**Data supplied:**
Start of Block

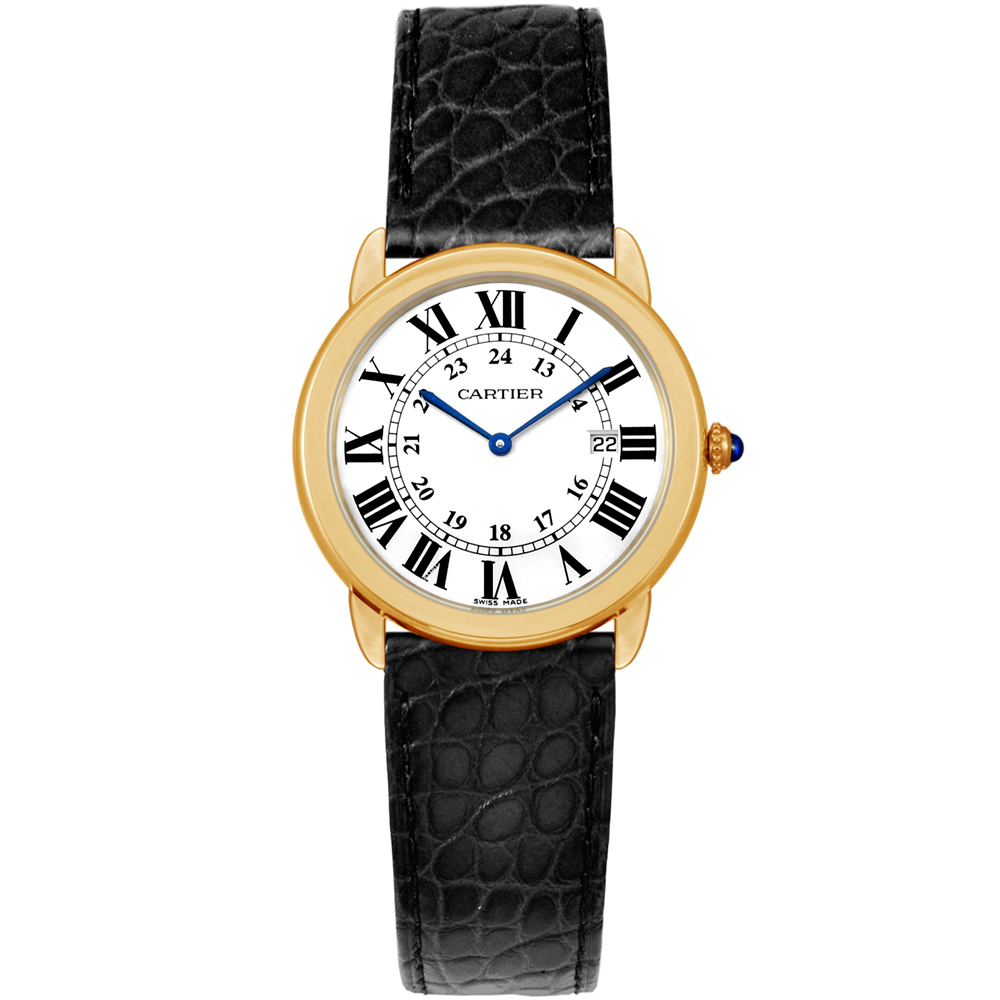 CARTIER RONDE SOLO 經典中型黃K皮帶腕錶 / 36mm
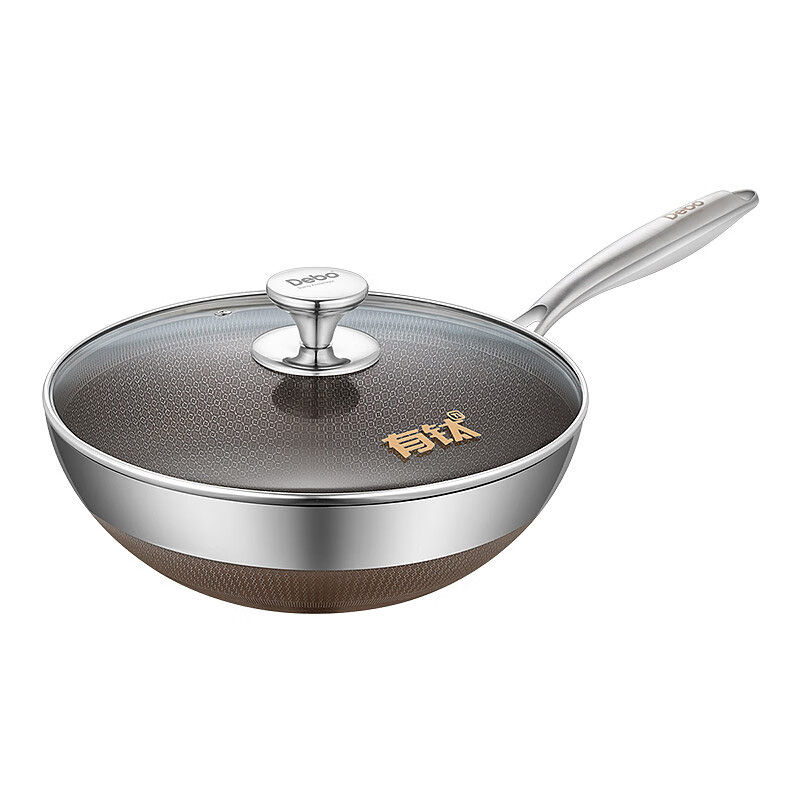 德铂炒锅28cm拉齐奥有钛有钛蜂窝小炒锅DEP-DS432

End of Block
Start of Block

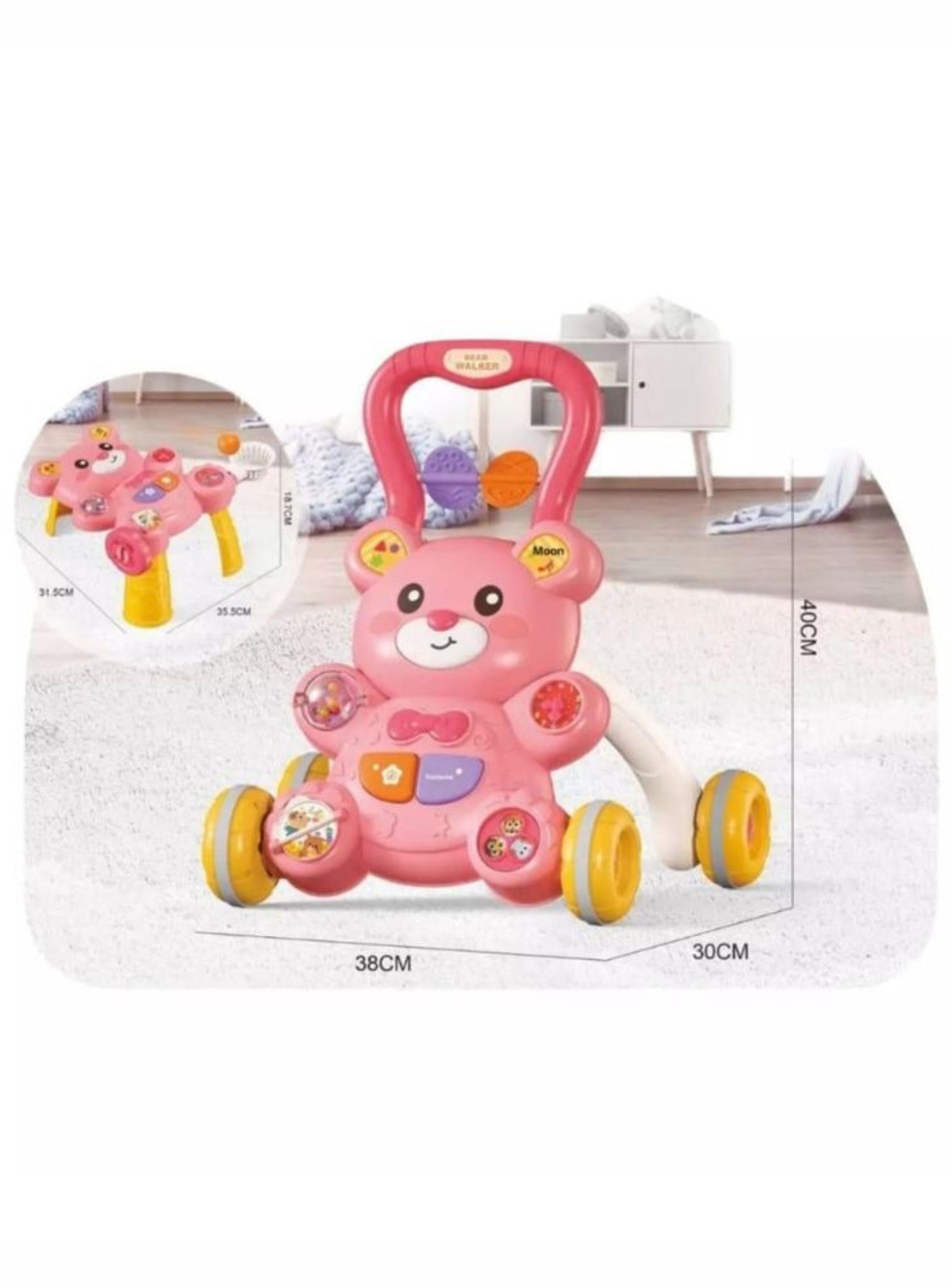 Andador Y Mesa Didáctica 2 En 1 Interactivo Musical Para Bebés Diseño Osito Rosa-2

End of Block

**Assignment:**
The material above holds pictures; leave them out and set down exactly the lines from the line with "CARTIER RONDE SOLO 經典中型黃K皮帶腕錶 / 36mm" to the line with "德铂炒锅28cm拉齐奥有钛有钛蜂窝小炒锅DEP-DS432", both included.

**Response area:**
 CARTIER RONDE SOLO 經典中型黃K皮帶腕錶 / 36mm
 德铂炒锅28cm拉齐奥有钛有钛蜂窝小炒锅DEP-DS432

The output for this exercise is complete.